START Dataset records

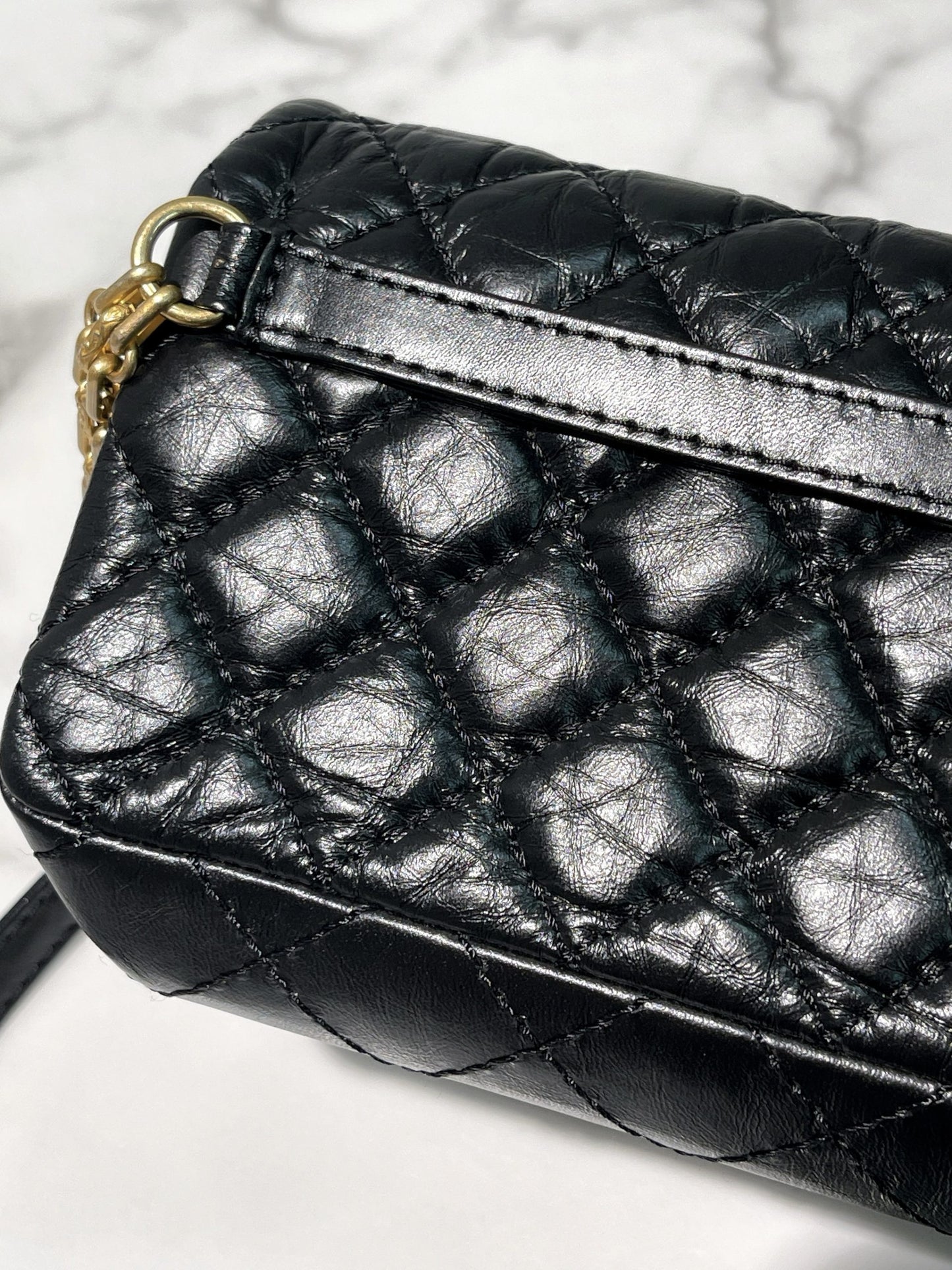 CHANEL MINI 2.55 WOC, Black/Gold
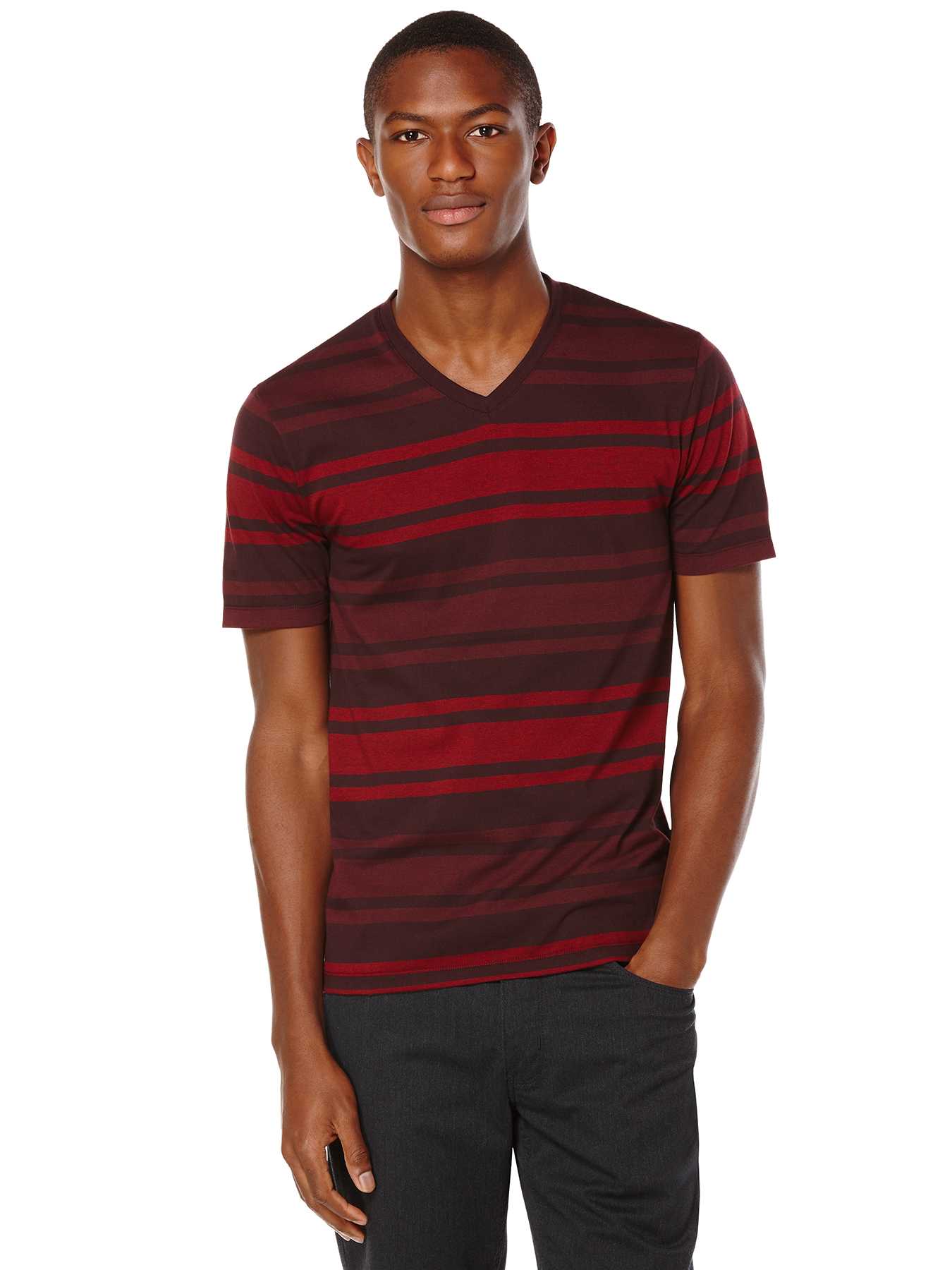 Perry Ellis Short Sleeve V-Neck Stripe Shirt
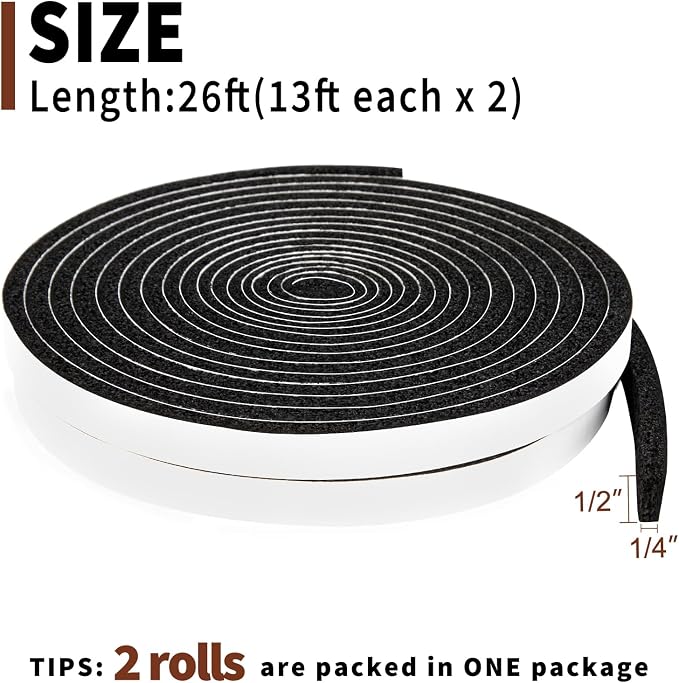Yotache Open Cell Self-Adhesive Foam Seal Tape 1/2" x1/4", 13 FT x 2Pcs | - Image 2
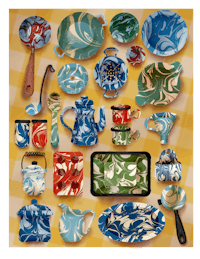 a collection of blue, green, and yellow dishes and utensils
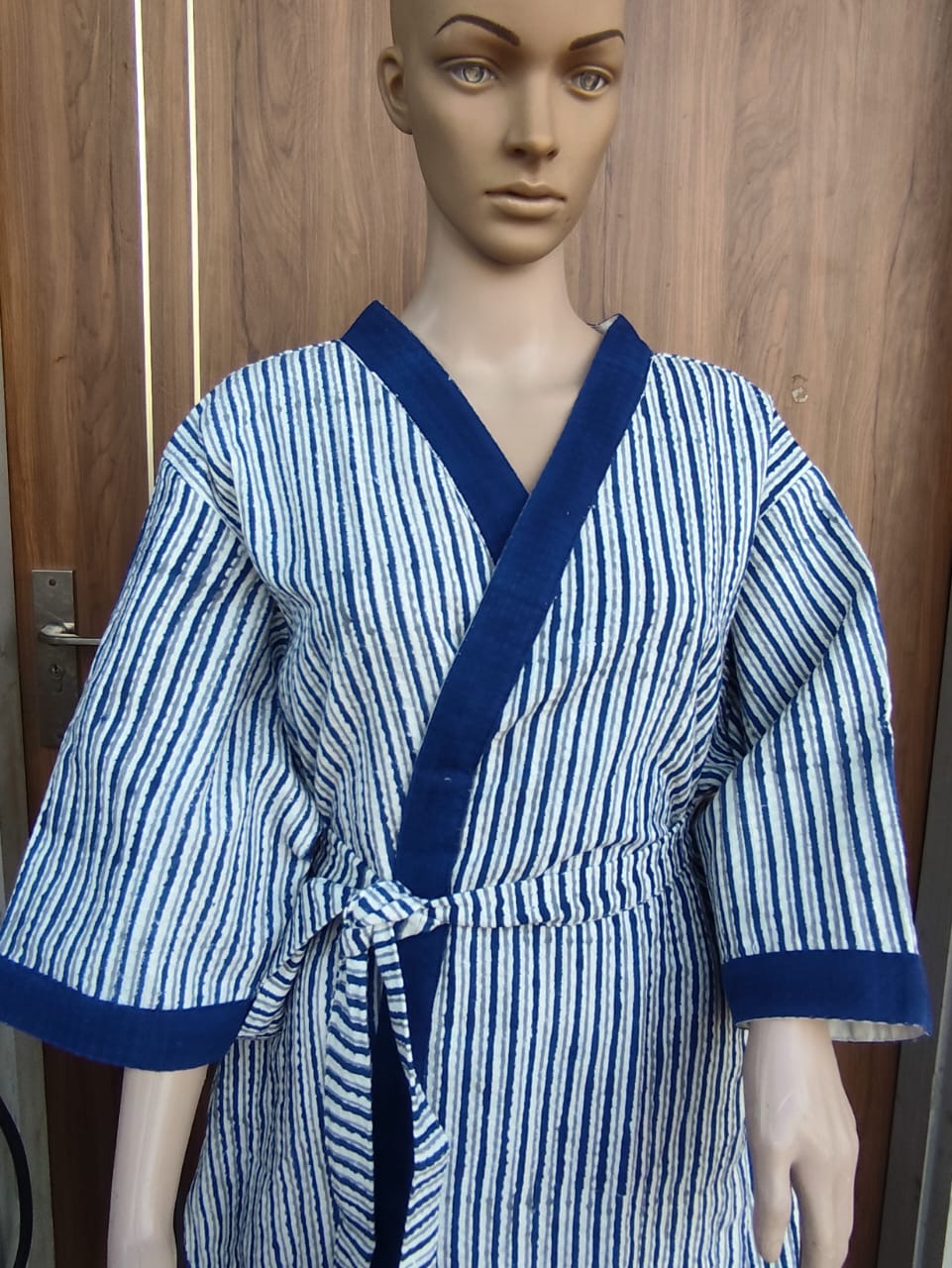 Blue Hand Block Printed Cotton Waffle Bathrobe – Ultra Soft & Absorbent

END Dataset records

▶ _Work to complete_:
Make an exact copy of the records above, one that has none of the pictures.

▶ _Output below_:
 CHANEL MINI 2.55 WOC, Black/Gold
 Perry Ellis Short Sleeve V-Neck Stripe Shirt
Yotache Open Cell Self-Adhesive Foam Seal Tape 1/2" x1/4", 13 FT x 2Pcs | - Image 2
 a collection of blue, green, and yellow dishes and utensils
 Blue Hand Block Printed Cotton Waffle Bathrobe – Ultra Soft & Absorbent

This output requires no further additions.